#### [Information shown]
================

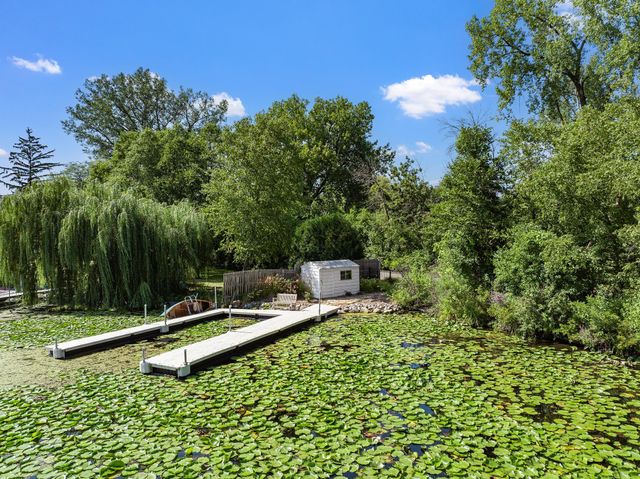 1070 Ferndale Road W, Wayzata, MN 55391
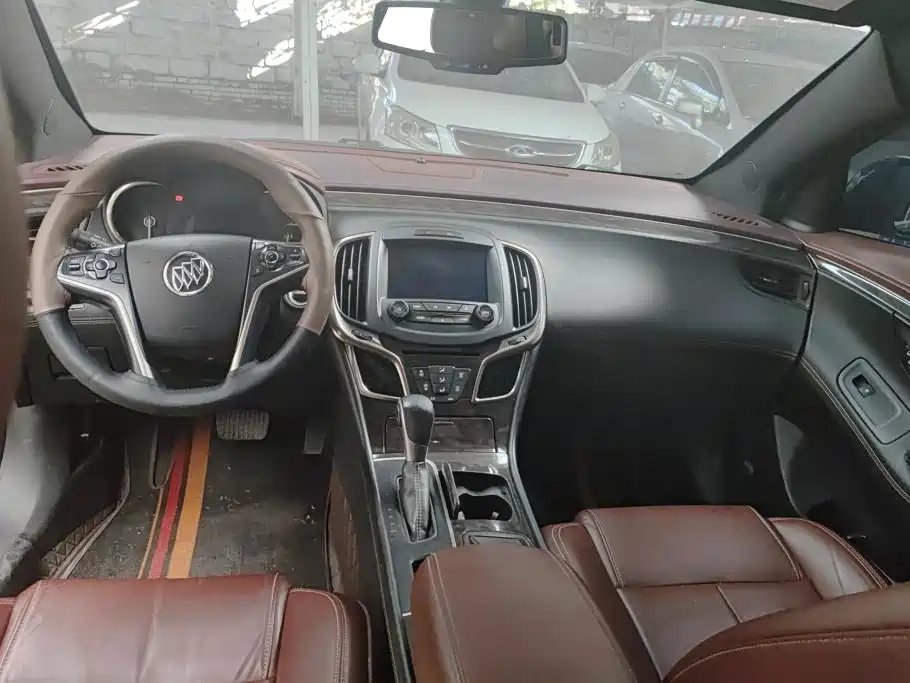 Buick LaCrosse — миниатюра 12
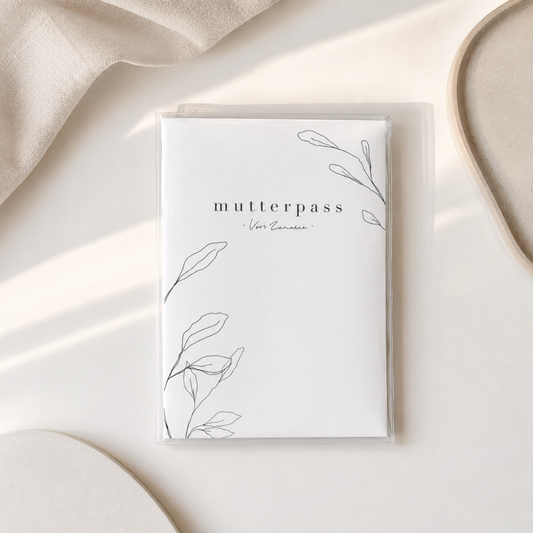 MUTTERPASSHÜLLE - Floral schwarz weiss personalisiert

================

#### [Work instruction]
Write the listing above out again exactly, but not the images it holds.

#### [Task solution]
 1070 Ferndale Road W, Wayzata, MN 55391
 Buick LaCrosse — миниатюра 12
 MUTTERPASSHÜLLE - Floral schwarz weiss personalisiert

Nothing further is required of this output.